General characteristics
- Class & type: 26-gun Vestal-class sixth-rate frigate
- Tons burthen: 911 75⁄94 bm
- Length: 130 ft (39.6 m) (overall); 104 ft 6 in (31.9 m) (keel);
- Beam: 40 ft 6 in (12.3 m)
- Depth of hold: 10 ft 6 in (3.20 m)
- Sail plan: Full-rigged ship
- Complement: 240
- Armament: 18 × 32-pdrs; Quarterdeck: 6 × 32-pdr gunnades; Forecastle: 4 × 32-pdr gunnades;

= HMS Cleopatra (1835) =

Frigate of the Royal Navy

HMS Cleopatra was a 26-gun sixth-rate frigate of the Royal Navy. She was built at Pembroke Dock and launched on 28 April 1835. She was to have been launched in July 1834 and fitted thereafter. Her complement was 152 officers and men, 33 boys, and 25 marines. She was broken up in February 1862.

Cleopatra was the second of three Vestal-class ships built between 1833 and 1836. The first was and the third . She was acknowledged as a good handling fast boat during her early voyages.

== Voyages ==

===Russia===
Captain George Grey, the fourth son of Earl Charles Grey, took command of the vessel on 12 August 1835 first sailing to Saint Petersburg, Russia with his sister Lady Louisa, the wife of John Lambton, 1st Earl of Durham and British Ambassador to Russia at the time. On 19 September, while sailing to St Petersburg, Cleopatra ran aground for several hours on a point of land near Læsø in the Baltic. In order to refloat the ship chains, several cannons, and other objects were offloaded onto the Dutch ship Ypres. She called into Elsinore to check for damage on the 22nd before proceeding on to St Petersburg. A subsequent court-martial into the grounding cleared the captain and crew of any negligence.

Cleopatra set sail for England from St Petersburg on 15 October 1835 arriving at Flamborough Head on 25th. The following day at 5pm, in a South Westerly gale, she came across the brig Fisher which had been demasted and was sinking. The brig was about 82 miles South East of Flamborough Head. There were several men on the deck but despite all the efforts of Cleopatras crew they could not either get a line to her or a boat. The sea was extremely rough and the boat they tried to launch was swamped.
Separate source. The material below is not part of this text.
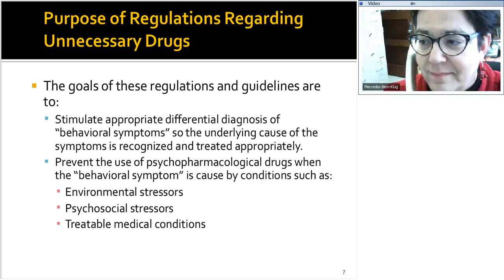These regulations are really about helping us do a differential diagnosis when it comes to behavioral symptoms — looking at what's the underlying cause. They ensure psychotropic drugs aren't our first line of defense. First we look at environmental stressors, like being in an environment that's too noisy and chaotic, or psychosocial stressors such as the person grieving a recent loss, or a treatable medical condition. I've seen people prescribed Haldol, an antipsychotic, for behavioral symptoms that were actually caused by a urinary tract infection.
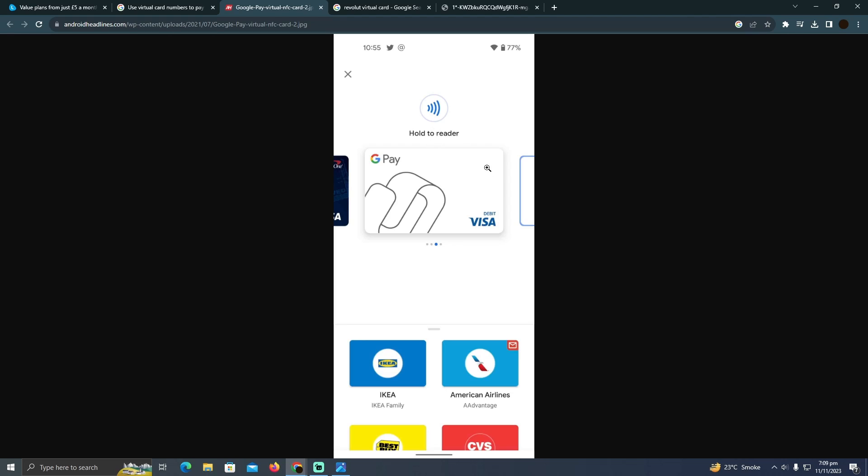After that, you simply have to go to any card reader and hover your phone over the NFC payments or the wireless contactless payments, and it will charge the money from your virtual card which should be right here. In your case, it should be Revolut.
Those on board were injured, several severely. By 6:40pm all they could do was hoist a light and wait. To the distress of Cleopatra the brig sank shortly afterwards and none of the sailors on board were saved.
She then sailed to Sheerness for repairs.
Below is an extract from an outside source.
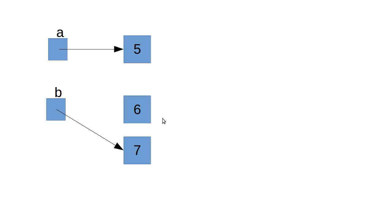There might still be an object 6 out here. If anyone's using it, it'll stay there. If no one's using it, it can be taken away and garbage collected. But we did not change this object here.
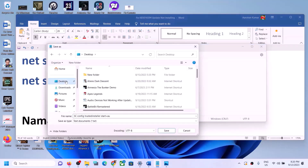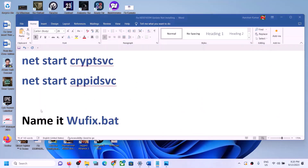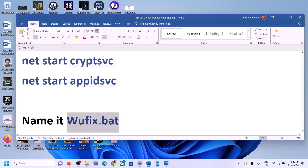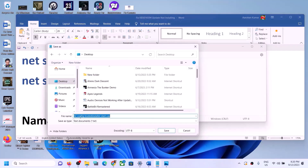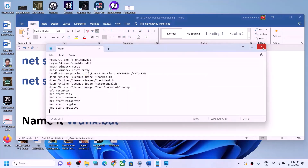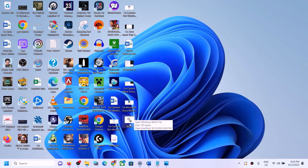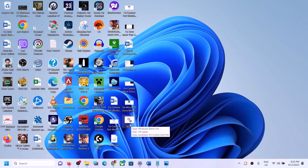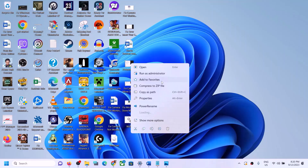Go to File and click on Save As. Set the location to Desktop and name the file 'wufix.bat'. For Save As Type, select All Files, then click on Save. Now go to Desktop, right-click on the wufix file, and click on Run as Administrator.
After being repaired she sailed to Spithead on 28 November 1835 where she was to sail from to South America. Her purpose was to transport boys and marines as supernumeraries for other vessels on the South American station. She left Spithead on 30 November 1835 for Rio de Janeiro, passing Plymouth on 1 December.

Cleopatra made a return journey to St Petersburg in October 1838 taking the new British Ambassador Ulick de Burgh, 1st Marquess of Clanricarde.

===North America and West Indies Station===
By 20 January 1836 she was at Rio de Janeiro. While there she was challenged to a race by a French Navy brig of war L'Ariane. Cleopatra won the race. She left there on 2 March for St Catherine. On 23 August she was in Buenos Aires. In April 1839, while back in England command was passed to Captain Stephen Lushington.

On 11 May 1839 she was at Halifax and on 23 November was at Bermuda preparing to sail for Jamaica in the West Indies. Once there, on 3 January 1840, she intercepted and detained the Portuguese slave vessel Louisa, which had 283 slaves on board. A month later, on 23 February, she intercepted, boarded, and inspected the papers of the Spanish vessel Iberia. During the search a sealed envelope of the Custom House clearance register was opened to verify that the ship was not a slaver. This created an international incident sparking an exchange of letters between the British and Spanish governments.

On 2 June 1840 she left Jamaica for Bermuda. By 6 October she had been to Quebec and was at Newfoundland. While in port at Quebec a Cleopatra seaman, Robert Collins, killed the ship's Sergeant of Marines. Collins was tried and executed by hanging from the fore yardarm. This was apparently the first shipboard execution at Quebec and the third navy execution since 1812. The newspaper remarked that the case was unusual in that none of Collins's shipmates spoke up in favour of his character or general conduct. The norm was that at least one would make a statement on the accused's behalf, regardless of the likely outcome of the trial. She returned to Bermuda by 26 October.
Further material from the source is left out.